La terrela, nom qu’il donna au globe aimanté de Maricourt, représente alors la Terre, qui se comporte comme un aimant géant. Rappelons que nous savons de nos jours que le magnétisme terrestre est dû à des mouvements de matière chargée à l’intérieur de la Terre.

La "terrela", globe magnétique de William Gilbert
La “terrela”, globe magnétique de William Gilbert
Ses visions de la déclinaison et l’inclinaison

Il essaya d’expliquer la déclinaison et l’inclinaison magnétique : pour la première, il l’attribua à l’irrégularité de la surface terrestre. Pour la deuxième, comme l’aimantation de la Terre suivait la direction des pôles Nord-Sud, l’inclinaison devait être nulle à l’équateur et de 90$^{\circ}$ aux pôles. Il réalisa des mesures sur sa terrela et montre que la relation inclinaison latitude n’est pas simple. Cela lui prouve que le point respective (point attractif de Norman) n’existe pas. Il resta convaincu que la mesure de l’inclinaison devait permettre la mesure de la latitude d’un lieu.

La première convention magnétique

C’est Gilbert qui proposa d’attribuer aux pôles de l’aiguille aimantée qui s’orientait vers le Nord le nom de pôle Sud : ainsi, ce pôle est attiré par le pôle magnétique nord, proche du pôle Nord géographique.
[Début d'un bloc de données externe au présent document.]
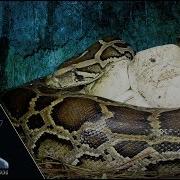 Incubating Python Covers Eggs 01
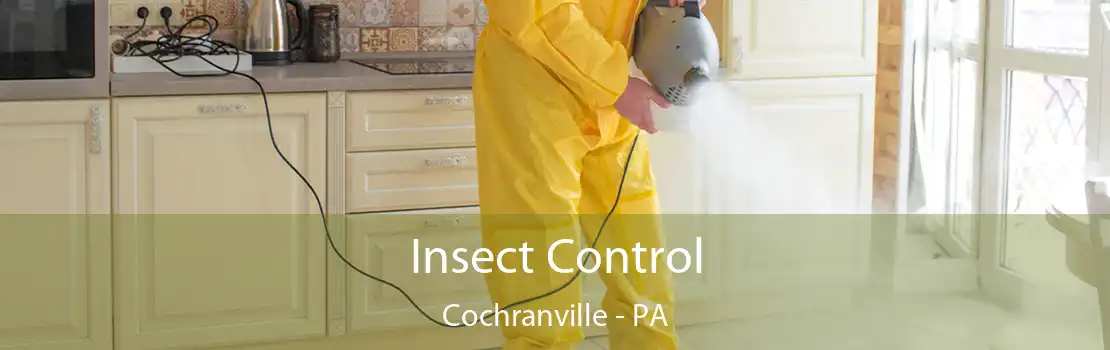 Insect Control Cochranville - PA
Comment aimanter ou désaimanter

On trouve dans ses écrits que le chauffage d’une pièce aimantée permet de faire disparaître cette aimantation, il décrivit de multiples façons de créer une pièce aimantée.

Des explications, mais pas de mathématiques

Gilbert faisait très peu appel aux mathématiques. Il n’accordait que peu de crédit aux formules.

Des croyances toujours sacrées

Pour Gilbert, la rotation de la Terre autour de ses pôles est due à son magnétisme, tout comme la rotation de la Lune sur elle-même. Et l’expérience de l’horloge perpétuelle de Maricourt ne marchait pas car il manquait à son globe aimanté l’âme magnétique.

Différences entre électricité et magnétisme

Gilbert reprit la similitude entre électricité (ambre frottée) et magnétisme (aimant) et nota leur différence :

  • L’aimant n’attire que le fer alors que l’ambre peut attirer plusieurs corps légers (paille, papier, …) ;
  • L’ambre nécessite un frottement pour attirer, pas l’aimant ;
  • Le magnétisme courant ne vient que d’un seul objet (la pierre d’aimant ou magnétite) alors que d’autres corps frottés (ambre, verre, résines) peuvent aussi attirer de petits objets. “Elektron” qui signifie ambre en grec sera à l’origine du mot électricité ;
  • L’aimant peut agir à travers un écran de bois, pas l’ambre frotté ;
  • L’humidité a une influence sur l’attraction de l’ambre, pas sur celle de l’aimant ;

En citant ces différences, il prit soin de bien séparer dans son discours la “petite” électricité du “grand” magnétisme provenant de la Terre. Enfin malgré les croyances de l’époque aux vertus thérapeutique du magnétisme (qui existaient déjà avant Mesmer, voir plus loin), il ne croyait pas, en bon médecin, à de quelconques propriétés curatives.

 

Puis ce fut au tour de l’électricité

Construction de machines à frotter, bouteille de Leyde et expériences divertissantes

Se rendant compte que les études sur l’électricité progresseraient si on arrivait à mieux électriser les corps, c’est à dire à mieux les frotter, quelques scientifiques à partir du 17ème fabriquèrent des machines à frotter : le premier fut Otto von Guericke (1602-1686) en 1672 qui frotta de sa main une boule de soufre “grosse comme la tête d’un enfant” en la faisant tourner avec une manivelle : la sphère attirait fortement les petits objets mais ceux-ci étaient repoussés violemment après contact avec la machine.Un peu plus tard, l’anglais Hauksbee utilisa un tube puis une sphère en verre.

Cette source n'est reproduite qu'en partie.